DER GLÄSERNE BAUERNHOF
300 konventionelle Mastplätze hat Vincke bereits umgebaut und so Platz für 85 iberische Muttersauen und deren Nachzucht geschaffen. Er will Transparenz und hat ein bodentiefes etwa drei Meter langes Schaufenster in die Stallaußenwand gesetzt. In eine Ferkelbucht kann so der Hofbesucher hineinschauen, beobachten, wie die Ferkel saufen, spielen, sich im Stroh wälzen und schlafen. Wenn sie größer sind, ziehen die Jungschweine um in den Offenstall. Nachwuchs gibt es genug, eben hat Christian Vincke für seine Sauen aus Spanien Ebersperma bestellt. „Da kostet der Transport per Flugzeug mehr als die Ware selbst!“ Ein eigener Eber steht zwar im Stall, kann aber aufgrund der Inzuchtgefahr nur teilweise eingesetzt werden.
DER RITTERSCHLAG: ARTIKEL IM FEINSCHMECKER
Sogar einen eigenen Schinkenreiferaum baut er derzeit. Dort baumeln schon die ersten Keulen und reifen bis zu 18 Monate an der Luft. „Die verlieren etwa ein Drittel ihres Gewichtes, während der Geschmack intensiver wird“, erklärt Vincke. Grillfleisch, Steaks, Chorizo und überhaupt möglichst das ganze Tier möchte Vincke verwerten, pro Monat schlachtet er zehn bis 20 Schweine. „Aus dem Fett machen wir Griebenschmalz als Brotaufstrich und nennen es Crema de Ibérica.“ Zu seinen Kunden gehören Privatleute, Gasthäuser aus dem Münsterland wie das Landhaus Bisping aus Alverskirchen oder Sterneköche wie Ben Peifer vom Restaurant Intense im rheinlandpfälzischen Kallstadt. Christian Vincke ist einer der Landwirte auf dem Portal grutto.de.

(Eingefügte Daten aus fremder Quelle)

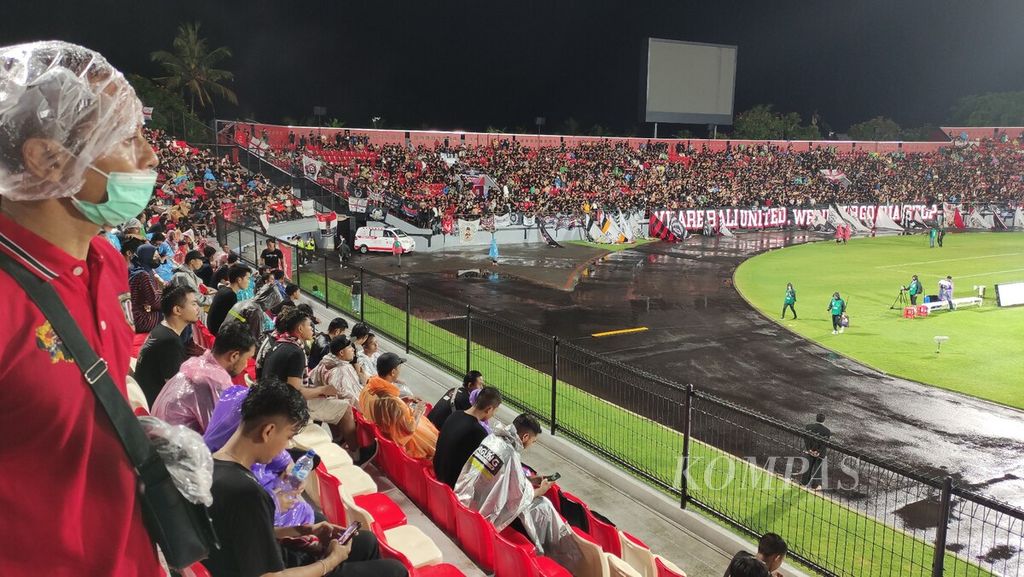 Penonton meramaikan Stadion Kapten I Wayan Dipta, Gianyar, Jumat (25/6/2022) malam, untuk menonton dan sekaligus memberikan dukungan dalam laga antara Bali United melawan Kedah Darul Aman FC.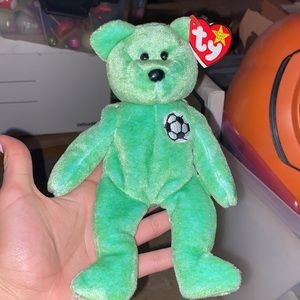 Very rare original beanie baby. Kicks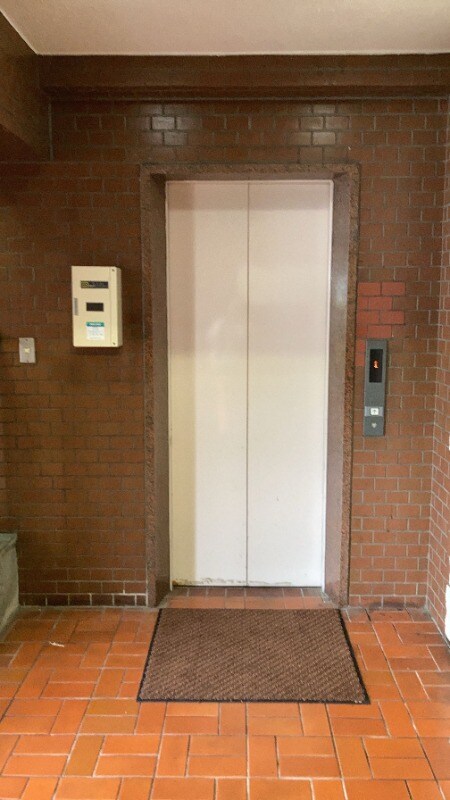 物件内観写真10　(玄関)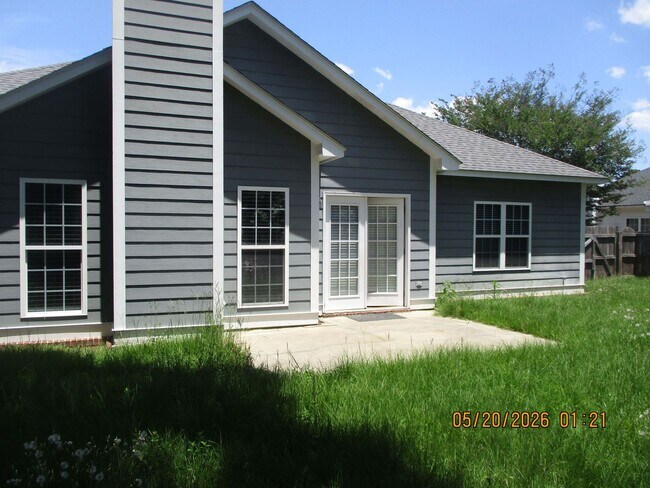 Building Photo - 125 Summerfield Dr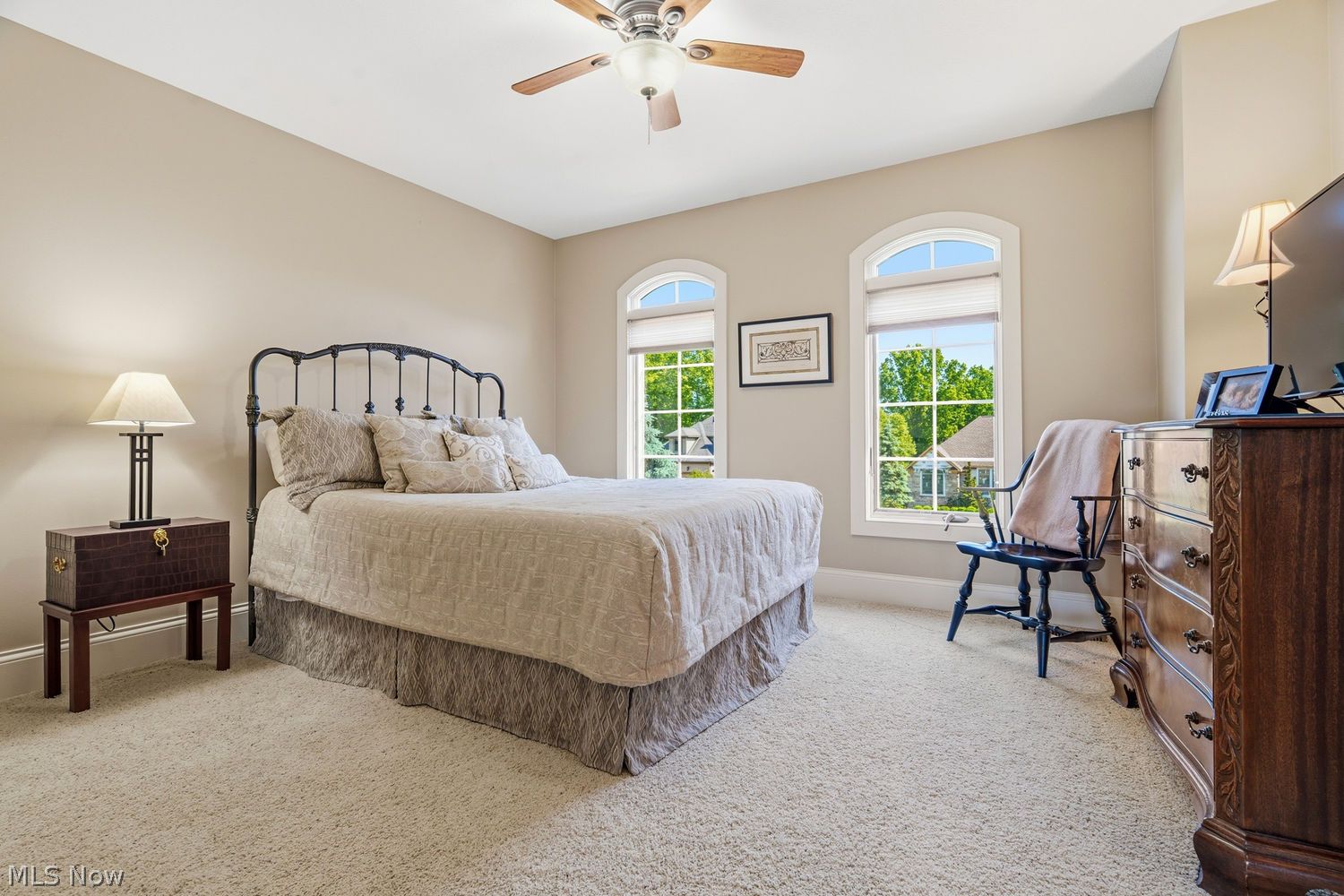 2198 E Park Drive Uniontown OH 44685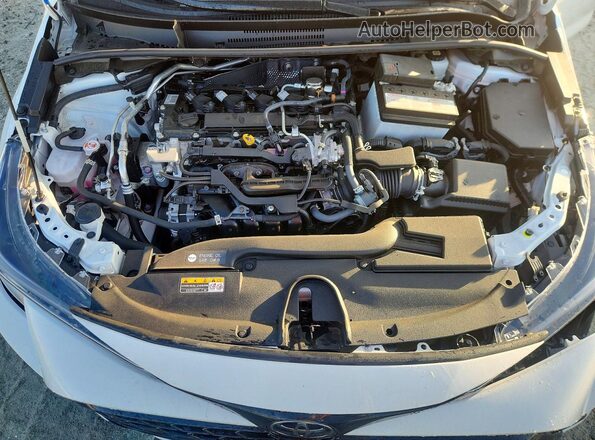 JTND4MBE0R3224897 2024 TOYOTA COROLLA White Widok wnętrza z tyłu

Bisher also ein erfolgreiches Modell, so gut, dass das Magazin Der Feinschmecker über ihn berichtete. „Das war für mich ein echter Ritterschlag“, freut sich der Alverskirchener Landwirt. Um zu beweisen, wie anders das Ibérico-Fleisch ist, holt er eine Chorizo-Rohwurst und schneidet sie draußen auf dem Familiengrillplatz am Hof an. Schnell glänzen die Scheiben fett. „Wegen der gesunden ungesättigten Fettsäuren liegt der Schmelzpunkt niedriger und die Wurst fängt schneller an zu schwitzen.“ Daran würde man die Qualität erkennen. Dieses Wissen hat Christian Vincke nicht erst, seit er vor einem Jahr in Graz den „Diplom-Fleisch-Sommelier“ abgelegt hat. „Nicht, dass ich es selber machen möchte, aber ich kann dem Metzger besser erklären, was ich will.“
FRAGEN SIE NACH!
Es sind noch Nischen, die Landwirte wie Vincke mit einer Nutztierhaltung bedienen, in denen Schwein, Rind oder Huhn ein ganzes Stück artgerechter leben als in den Massentierhaltungen. Auslauf unter freiem Himmel, selbstangebautes Futter, die Haltung alter oder vom Aussterben bedrohte Nutztierrassen, kürzere Wege und kleinere Transportwägen zum Schlachthof – das macht Eier, Fleisch und Milch teurer, aber lebenswerter für Tiere und Menschen. Wir Verbraucher können solche Produzenten direkt fragen, wie es um die Tiere und die Produktion der Lebensmittel steht, weil sie mit ihrem Namen für ihre Landwirtschaft vor uns stehen und erreichbar sind. Christian Vincke steht dabei stellvertretend für viele Bauern aus der Region, die Neues wagen.